La música se escucha desde la calle. Luces de neón. Ruidos. Gritos agudos. Aplausos. Hombres y mujeres que superponen los géneros en su ropa y entran al lugar en grupos grandes de amigos con los brazos en alto prometiendo divertirse lo que reste de la noche.

―¿Por qué? ¿Vas a perder la virilidad? ―le cuestionás y tomás la delantera.

Cruzás una puerta y después una cortina. El último en entrar es tu hermano que choca con el cuerpo de tu madre que al mismo tiempo te empuja a vos porque tu cuerpo queda atónito ante semejante despliegue de luces, colores y brillantina. Eugenia se amarra de tu brazo cuando une la quiere invitar a bailar y Candela, acodada al cochecito de Roma, no termina de preguntar por qué el tío los citó ahí que Damián aparece con una corbata amarilla atada a la cabeza y un chaleco de brillos. Los saluda con una mano y después tironea de Mercedes. Ustedes los siguen cuales patitos en fila hasta que llegan a una mesa cercana al escenario.

―Antes de todo me gustaría preguntar ¿qué hacés acá?
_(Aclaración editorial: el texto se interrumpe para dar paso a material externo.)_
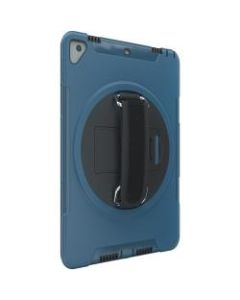 CTA Digital: Protective Case with Build in 360? Rotatable Grip Kickstand for iPad 7th & 8th Gen 10.2?, iPad Air 3 & iPad Pro 10.5?, Blue - Impact Resistant, Drop Resistant - Silicone - Hand Strap - 10.3in Height x 7.3in Width x 0.8in Depth - 1 Pack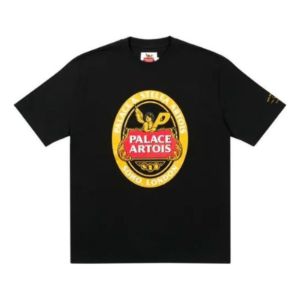 Palace X Stella Artois FW21 Logo T-Shirt 'Black' P21STTS008 sold by KicksCrew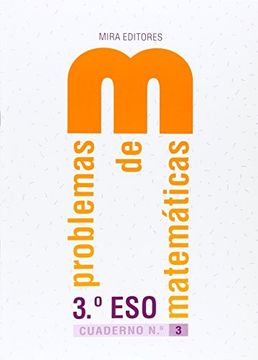 portada Matemáticas, 3 ESO. Problemas. Cuaderno 3 (Paperback) (in Spanish)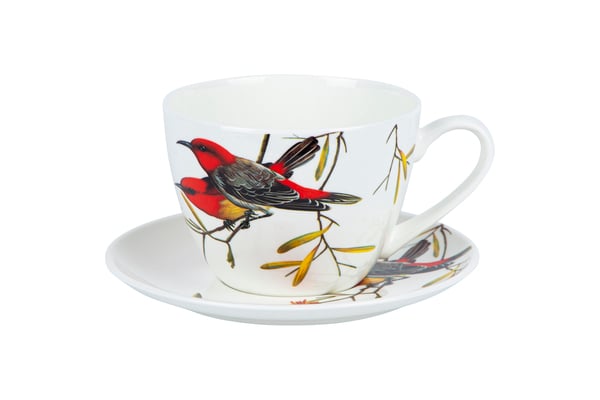 Чашка з блюдцем Limited Edition Bird, 550 мл (6634556) - фото 1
―Antes de todo me gustaría preguntar ¿por qué trajiste a tu hija acá? ―retruca y corre una silla para que se acomode.

―El padre no estaba disponible ―responde con sarcasmo―. Igual se ve que le gusta porque todavía no se despertó ―y le acomoda la mantita que le cubre hasta el cuello. Usa un peluche para taparle el oído más expuesto.
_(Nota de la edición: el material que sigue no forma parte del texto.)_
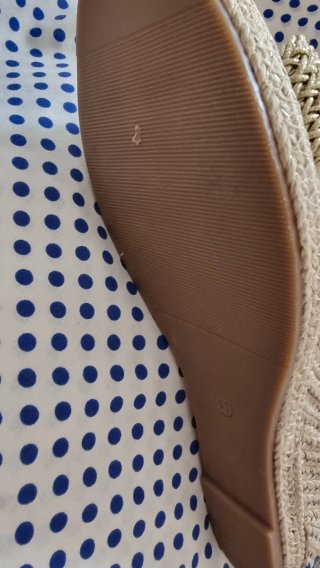 Cuñas doradas nuevas mujer talla 41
―¿Podés hablar? ―tu mamá se queja―. Salí de casa corriendo a buscar a los chicos pensando en que estabas internado con una bala en el pecho, pero llego y un poco más estás subido a un caño.

―Les iba a mandar la foto, pero quería que lo vean con sus propios ojos.

―¿De qué hablas? ―preguntás.

El tío Damián levanta una mano para frenar las preguntas y los obliga a esperar. La verdad que no es la manera en la que te gustaría terminar un viernes a la noche porque en tu mente habías planeado comer los pochoclos que hiciste para ver la película y después irte a acostar abrazada a la bolsa de agua caliente. La música empieza a disminuir, Candela agradece por la salud auditiva de su hija, el salón se oscurece y la luz se enfoca en el escenario. En una esquina hay un piano y un señor vestido llamativamente de mujer, con peluca despampanante, un vestido exageradamente largo hasta los pies y zapatos que solo se ven los tacos porque los cubre la tela. Camina a lo largo del escenario generando aplausos masivos y se acomoda frente al piano. Después una mujer se ubica frente a un micrófono y espera a tener el pie musical para empezar a cantar. En ese instante, Damián los mira para saber si lo descubrieron. Tiene que cabecear hacia el piano para que alguno lo percate y recién ahí, cuando ajustas la vista y notás la manera de cruzar las piernas por debajo del banco, la postura al sentarse, el movimiento de hombros al empezar a tocar, las uñas pintadas y el perfil familiar, te das cuenta.